(Items listed in a dataset)
▼

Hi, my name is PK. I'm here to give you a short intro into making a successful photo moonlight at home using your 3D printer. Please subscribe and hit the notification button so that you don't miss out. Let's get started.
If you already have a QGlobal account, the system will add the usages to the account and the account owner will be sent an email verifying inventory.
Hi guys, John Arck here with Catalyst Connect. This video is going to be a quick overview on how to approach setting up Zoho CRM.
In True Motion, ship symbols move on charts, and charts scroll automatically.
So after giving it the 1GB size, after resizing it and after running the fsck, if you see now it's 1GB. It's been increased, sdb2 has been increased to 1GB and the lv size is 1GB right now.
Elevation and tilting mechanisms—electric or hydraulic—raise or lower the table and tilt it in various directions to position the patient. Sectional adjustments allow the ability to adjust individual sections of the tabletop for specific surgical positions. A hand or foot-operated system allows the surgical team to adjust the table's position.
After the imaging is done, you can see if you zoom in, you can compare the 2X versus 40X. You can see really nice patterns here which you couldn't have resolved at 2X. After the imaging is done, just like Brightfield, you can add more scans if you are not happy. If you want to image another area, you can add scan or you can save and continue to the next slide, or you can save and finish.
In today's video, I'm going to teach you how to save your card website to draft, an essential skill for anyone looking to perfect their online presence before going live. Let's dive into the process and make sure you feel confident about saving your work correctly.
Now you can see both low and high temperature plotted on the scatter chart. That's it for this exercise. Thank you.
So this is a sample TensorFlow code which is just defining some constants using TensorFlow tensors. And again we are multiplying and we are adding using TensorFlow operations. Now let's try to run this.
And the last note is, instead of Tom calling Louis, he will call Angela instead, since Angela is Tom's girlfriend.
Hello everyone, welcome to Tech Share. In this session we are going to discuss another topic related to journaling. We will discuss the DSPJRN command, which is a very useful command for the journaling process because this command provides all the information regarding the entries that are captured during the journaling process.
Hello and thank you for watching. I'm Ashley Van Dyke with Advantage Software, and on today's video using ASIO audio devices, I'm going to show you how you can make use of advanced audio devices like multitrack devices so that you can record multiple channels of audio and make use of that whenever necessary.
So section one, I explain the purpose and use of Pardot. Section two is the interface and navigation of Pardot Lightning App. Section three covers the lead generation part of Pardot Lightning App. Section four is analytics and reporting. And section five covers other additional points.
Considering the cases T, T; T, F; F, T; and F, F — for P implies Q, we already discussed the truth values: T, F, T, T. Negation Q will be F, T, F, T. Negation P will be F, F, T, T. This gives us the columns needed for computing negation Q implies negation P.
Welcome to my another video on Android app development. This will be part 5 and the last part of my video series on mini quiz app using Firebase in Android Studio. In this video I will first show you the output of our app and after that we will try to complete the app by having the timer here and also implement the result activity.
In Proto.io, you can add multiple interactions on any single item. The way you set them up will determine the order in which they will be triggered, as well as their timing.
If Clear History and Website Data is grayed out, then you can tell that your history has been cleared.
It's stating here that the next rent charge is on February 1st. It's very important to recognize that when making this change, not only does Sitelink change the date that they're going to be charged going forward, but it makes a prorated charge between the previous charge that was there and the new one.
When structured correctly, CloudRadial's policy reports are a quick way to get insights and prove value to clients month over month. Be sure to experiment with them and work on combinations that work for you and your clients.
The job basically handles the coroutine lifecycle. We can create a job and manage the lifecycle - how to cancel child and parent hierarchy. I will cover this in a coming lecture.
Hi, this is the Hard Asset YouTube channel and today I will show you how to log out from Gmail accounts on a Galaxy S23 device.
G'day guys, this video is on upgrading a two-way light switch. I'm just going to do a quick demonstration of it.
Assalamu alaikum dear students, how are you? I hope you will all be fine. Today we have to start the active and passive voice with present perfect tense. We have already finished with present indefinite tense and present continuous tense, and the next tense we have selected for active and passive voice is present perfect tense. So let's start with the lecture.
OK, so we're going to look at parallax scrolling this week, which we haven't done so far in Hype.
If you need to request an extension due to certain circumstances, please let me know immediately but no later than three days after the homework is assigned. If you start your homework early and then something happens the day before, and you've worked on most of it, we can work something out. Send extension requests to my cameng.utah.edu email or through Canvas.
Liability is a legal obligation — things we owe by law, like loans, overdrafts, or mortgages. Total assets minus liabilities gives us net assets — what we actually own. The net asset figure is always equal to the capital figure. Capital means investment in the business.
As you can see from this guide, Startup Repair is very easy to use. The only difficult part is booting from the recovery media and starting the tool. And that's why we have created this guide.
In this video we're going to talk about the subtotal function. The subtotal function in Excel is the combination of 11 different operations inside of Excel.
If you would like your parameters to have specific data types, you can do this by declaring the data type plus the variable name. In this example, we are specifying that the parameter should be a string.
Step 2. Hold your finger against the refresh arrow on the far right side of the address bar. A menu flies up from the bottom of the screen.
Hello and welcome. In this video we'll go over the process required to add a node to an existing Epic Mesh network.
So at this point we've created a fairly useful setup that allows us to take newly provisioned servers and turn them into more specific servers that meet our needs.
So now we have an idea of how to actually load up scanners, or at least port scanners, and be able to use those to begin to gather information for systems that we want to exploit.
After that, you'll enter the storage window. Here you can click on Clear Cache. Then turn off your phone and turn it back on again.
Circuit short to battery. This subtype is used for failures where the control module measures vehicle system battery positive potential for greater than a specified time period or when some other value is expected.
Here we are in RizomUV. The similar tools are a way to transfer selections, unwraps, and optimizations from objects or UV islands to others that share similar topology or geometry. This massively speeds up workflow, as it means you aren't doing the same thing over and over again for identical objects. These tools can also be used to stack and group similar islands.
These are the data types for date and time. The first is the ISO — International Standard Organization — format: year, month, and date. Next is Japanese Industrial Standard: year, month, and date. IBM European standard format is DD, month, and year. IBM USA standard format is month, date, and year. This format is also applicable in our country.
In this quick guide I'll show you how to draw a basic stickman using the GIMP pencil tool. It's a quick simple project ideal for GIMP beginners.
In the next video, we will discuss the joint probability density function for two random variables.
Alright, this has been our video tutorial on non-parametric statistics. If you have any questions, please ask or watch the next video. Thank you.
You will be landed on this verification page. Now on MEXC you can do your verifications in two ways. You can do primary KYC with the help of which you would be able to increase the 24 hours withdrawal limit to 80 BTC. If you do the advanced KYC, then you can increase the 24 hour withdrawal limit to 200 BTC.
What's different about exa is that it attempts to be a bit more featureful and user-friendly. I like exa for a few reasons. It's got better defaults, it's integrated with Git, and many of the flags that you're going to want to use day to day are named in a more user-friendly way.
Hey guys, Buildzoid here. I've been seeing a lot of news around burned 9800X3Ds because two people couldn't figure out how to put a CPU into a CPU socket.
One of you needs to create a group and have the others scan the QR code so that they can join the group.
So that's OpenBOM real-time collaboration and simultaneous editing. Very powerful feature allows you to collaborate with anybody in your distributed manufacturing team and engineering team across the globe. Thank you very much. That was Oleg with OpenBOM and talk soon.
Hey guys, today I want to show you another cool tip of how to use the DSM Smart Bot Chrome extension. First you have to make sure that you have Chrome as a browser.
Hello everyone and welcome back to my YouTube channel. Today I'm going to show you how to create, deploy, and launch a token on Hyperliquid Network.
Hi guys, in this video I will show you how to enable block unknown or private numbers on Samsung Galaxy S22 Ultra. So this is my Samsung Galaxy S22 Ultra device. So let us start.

▲

◆ **Exercise goal**: Your answer must consist solely of the lines from the top of the entries above through the line containing "In True Motion, ship", copied exactly, both ends included.

◆ **Solved problem**:
Hi, my name is PK. I'm here to give you a short intro into making a successful photo moonlight at home using your 3D printer. Please subscribe and hit the notification button so that you don't miss out. Let's get started.
If you already have a QGlobal account, the system will add the usages to the account and the account owner will be sent an email verifying inventory.
Hi guys, John Arck here with Catalyst Connect. This video is going to be a quick overview on how to approach setting up Zoho CRM.
In True Motion, ship symbols move on charts, and charts scroll automatically.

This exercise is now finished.